Preface

The first time I heard about digital nonlinear editing was 1992. An insane visual artist named Adam walked into my video editing room to finish a trailer for his film. He explained to me that he had already cut the trailer offline and that all I had to do was make a few tweaks and assemble the rest.

During the course of our conversation, he kept bugging me about how smoothly the edit had gone. Adam is Hungarian, but the language he spoke was English. Still, I didn’t understand a word of it.

“We cut all of this on an Avid. It works nonlinear. You can make a change just like that!” he exclaimed, snapping his fingers. When we set up to finish the trailer and were checking H/SC phase, Adam said, “You never have to do that in nonlinear.” Every time I did a dissolve, he would say, “Oh, that’s so easy with nonlinear. Just drag and drop.” Every time I had to change a transition and check for H-shifts, he would say, “You don’t have to do that anymore. Not with nonlinear.”

He was really beginning to get on my nerves.

The advent of nonlinear editing systems has opened a lot of doors for editors, particularly with respect to mediums. Thanks to the inventors of NLE technology, video editors can become film editors, film editors can become world wide web developers, world wide web editors can become CD-ROM editors, and so on. These days, the term “editor” can apply to one who is familiar with many mediums and has adapted to many different styles of cutting.

But each medium has its niche, a set of rules that makes it different. And many times, the rules about that particular medium are cast aside, to be learned later as the project proceeds. For example, one could edit a short film for placement on the world wide web, but how do you compress it? Will the website visitors need a plug-in to see it? Which is the best compression technique for the quickest download at the highest quality? It isn’t necessarily important to know these things at the outset of the project, but when the time comes to compress the film and prepare it for the world wide web, it is absolutely essential that the editor has the knowledge to properly adapt the finished cut to that medium.

In the case of filmmaking, there are many rules as well. But some of the rules of filmmaking have to be implemented from the start. If one waits until the edit is completed to learn the particulars of film, the result would prove disastrous. Unlike some mediums, film parameters have to be established from the beginning, because of the adaptation from one medium (film), to another medium (video) and then back to the original medium (film). The initial adaptation doesn’t usually cause any problems.

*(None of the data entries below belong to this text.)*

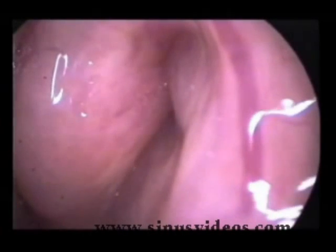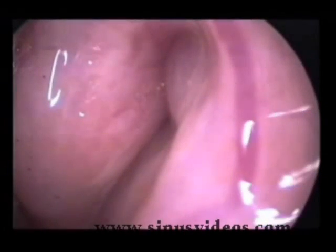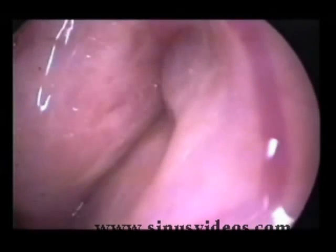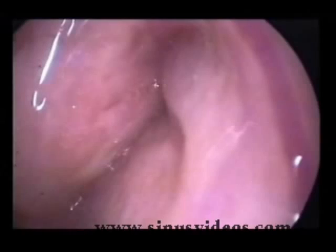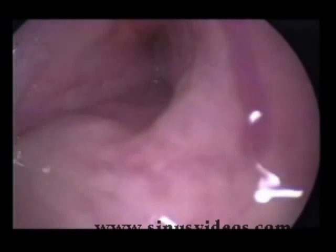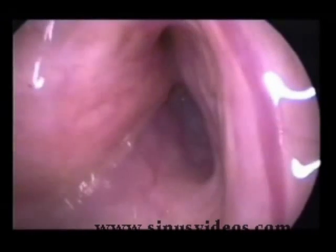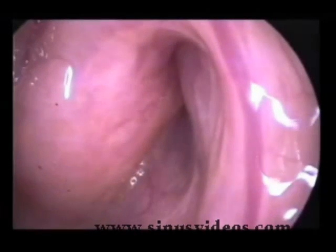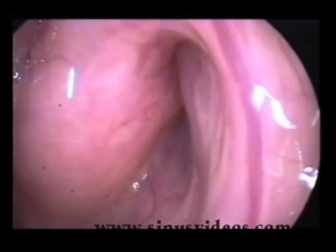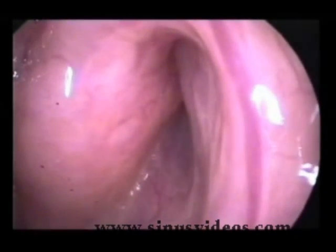Seen in very slow motion: initially the palate elevates and the lateral pharyngeal wall moves medially, then laterally, and then finally there is dilation of the tubal lumen, followed by rotation of the medial cartilaginous lamina or posterior wall.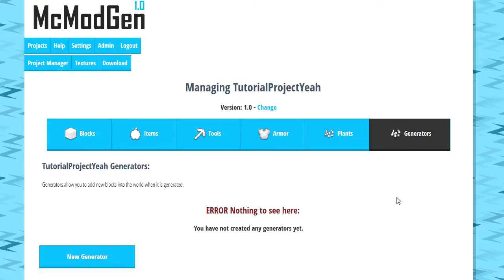Hello there team! What is going on? It is NickNack here and welcome back to another MC Mod Gen tutorial. Now if you're clicking on this video and you don't know what MC Mod Gen is, it's just a program for creating Minecraft mods without doing any coding basically.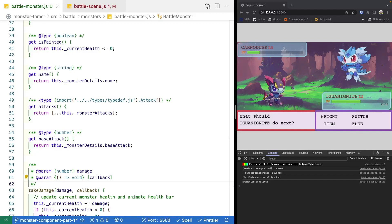Welcome back to Monster Tamer, a 2D Pokemon-like RPG created in Phaser 3. Previously, we started creating our battle monster and enemy monster classes for our battle scene, and we started moving out some of the logic from our battle scene into these classes. If you missed the previous videos, there will be links in the video description to the source code up to this point, as well as the completed source code for this video. There will also be a link to the previous videos if you'd like to catch up. So let's get started.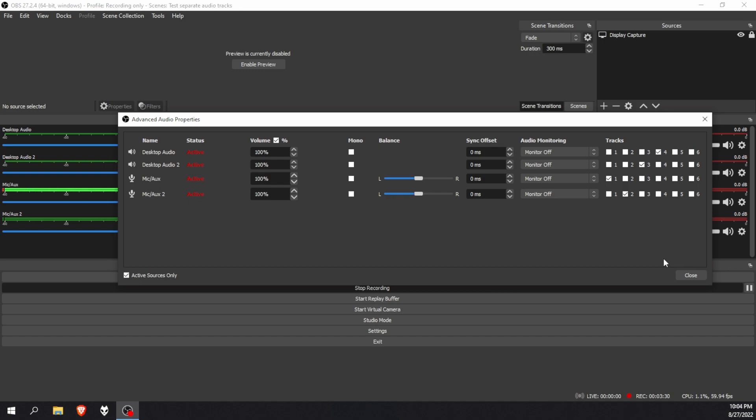And there you have it. You've simply separated all your audio tracks. The thing to keep in mind is that if you watch your recording back, you only hear your mic. But remember that video players can only play one track, so you need to take that recording and drop it into a video editor that supports multiple audio tracks.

But without a proper set up from the beginning of the project, vital information can be lost, and re-adaptation from video to the original film can prove challenging, or even in some cases, impossible.

It isn’t very difficult to understand how film works, but there are too many methods and means of completing film to list them in brief. Is it a DV film? Is it a 16mm film? Will it be projected in a theater? Electronically or on film? Who will conform the film? What type of numbering system will be used to identify frames of the film? Who will process the film? What about telecine? Who’s the neg cutter? The list of questions could go on and on.

This book is intended for those who want to know how to adapt their nonlinear editing skills to film work. But unlike most books about film, this one is written from a video editor’s perspective. I learned about film much later in my career. As a result, I don’t take as much stock in one particular method of cutting film, as some film editors do. In this book, you’ll learn about how to integrate film with nonlinear editing systems and some helper applications called matchbacks.

If you’re an experienced editor looking for a way to cut films with nonlinear editors, or NLEs, this book is for you. If you’re shooting DV but aren’t sure how to put it on film, this book is for you. If you’re a film editor or director without a clue as to how film and NLEs are integrated, this book is for you. And if you’re a student who is learning nonlinear, but no one in your school has figured out how to use it with film, this book is definitely for you.

Learn how easy and fun it can be. Turn the page.